Die Bürgermeisterwahl in Neukölln am 20. September rückt näher, und die Herausforderungen für den Bezirk sind vielfältig. Die Berliner Morgenpost hat die Kandidaten nach ihren wichtigsten Themen und Zielen befragt. Die Antworten zeigen: Müll, Mieten und der soziale Zusammenhalt sind die drängendsten Probleme, die der neue Bezirksbürgermeister oder die neue Bezirksbürgermeisterin angehen muss.
Müllproblematik im Bezirk
Die Verschmutzung des öffentlichen Raums ist ein Dauerbrenner in Neukölln. Die Kandidaten sind sich einig, dass die Müllentsorgung und die Sauberkeit der Straßen und Parks verbessert werden müssen. Einige schlagen mehr Mülleimer und häufigere Reinigungen vor, andere setzen auf Aufklärungskampagnen und strengere Kontrollen. Die Bezirksverwaltung steht vor der Aufgabe, die Lebensqualität zu erhöhen und das Image des Bezirks zu verbessern.
Bezahlbarer Wohnraum als zentrale Frage
Die Mieten in Neukölln sind in den letzten Jahren stark gestiegen, und bezahlbarer Wohnraum ist knapp. Die Kandidaten betonen die Notwendigkeit, den sozialen Wohnungsbau zu fördern und bestehende Mieterschutzregelungen zu stärken. Sie fordern mehr Investitionen in den Neubau von Wohnungen und die Umwandlung von Gewerbe- in Wohnflächen. Der Bezirk will verhindern, dass einkommensschwache Bewohner verdrängt werden und die soziale Durchmischung erhalten bleibt.

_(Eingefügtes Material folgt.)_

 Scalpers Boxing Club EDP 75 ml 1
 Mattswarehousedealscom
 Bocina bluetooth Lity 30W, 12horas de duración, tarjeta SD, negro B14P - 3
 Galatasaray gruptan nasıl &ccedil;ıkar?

Sozialer Zusammenhalt und Integration
Neukölln ist bekannt für seine kulturelle Vielfalt, aber auch für soziale Spannungen. Die Kandidaten wollen den Zusammenhalt stärken, indem sie Projekte zur Nachbarschaftshilfe und Integration fördern. Sie planen, Begegnungsorte zu schaffen und den Dialog zwischen verschiedenen Bevölkerungsgruppen zu unterstützen. Die Bekämpfung von Diskriminierung und die Förderung von Bildungschancen stehen ebenfalls im Fokus.
Bildung und Jugendarbeit
Die Schulen in Neukölln stehen vor großen Herausforderungen, darunter Personalmangel und marode Gebäude. Die Kandidaten fordern mehr Investitionen in die Bildungsinfrastruktur und die Einstellung von zusätzlichem pädagogischem Personal. Die Jugendarbeit soll ausgebaut werden, um jungen Menschen Perspektiven zu bieten und Gewalt zu verhindern. Die Bezirksverwaltung will enger mit Schulen und Vereinen zusammenarbeiten.

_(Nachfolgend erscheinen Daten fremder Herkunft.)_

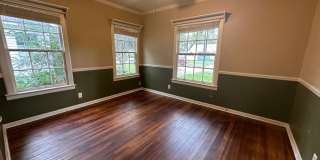 Broadmoor 3 Bedroom Gallery 9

Wirtschaft und lokale Entwicklung
Die Bezirkswirtschaft soll gestärkt werden, um Arbeitsplätze zu schaffen und die lokale Versorgung zu sichern. Die Kandidaten setzen auf die Förderung von kleinen und mittleren Unternehmen sowie auf die Belebung der Einkaufsstraßen. Gleichzeitig soll die Verkehrsinfrastruktur verbessert werden, um die Erreichbarkeit zu erhöhen und den Autoverkehr zu reduzieren. Nachhaltige Projekte und die Förderung von Fahrradverkehr sind ebenfalls geplant.
Verkehrswende in Neukölln
Die Verkehrswende ist ein weiteres zentrales Anliegen. Die Kandidaten wollen den öffentlichen Nahverkehr ausbauen, sichere Radwege schaffen und Fußgängerzonen erweitern. Die Reduzierung von Lärm und Luftverschmutzung hat hohe Priorität. Der Bezirk plant, den Anteil des Umweltverbunds am Modal Split zu erhöhen und die Aufenthaltsqualität im öffentlichen Raum zu verbessern.
Kultur und Freizeitangebote
Neukölln hat eine lebendige Kulturszene, die gefördert werden soll. Die Kandidaten wollen mehr Räume für Künstler und Kreative schaffen und kulturelle Veranstaltungen unterstützen. Die Sanierung von Parks und Spielplätzen ist ebenfalls geplant, um die Freizeitqualität für Familien zu erhöhen. Die Bezirksverwaltung will die Bürgerbeteiligung bei solchen Projekten stärken.
Fazit: Ein anspruchsvolles Programm
Die kommende Legislaturperiode in Neukölln wird anspruchsvoll. Die Kandidaten haben ehrgeizige Ziele, aber die Umsetzung wird Zeit und finanzielle Mittel erfordern. Die Wähler haben am 20. September die Wahl, welcher Kandidat diese Herausforderungen am besten bewältigen kann. Die Berliner Morgenpost wird weiterhin über die Entwicklungen im Bezirk berichten.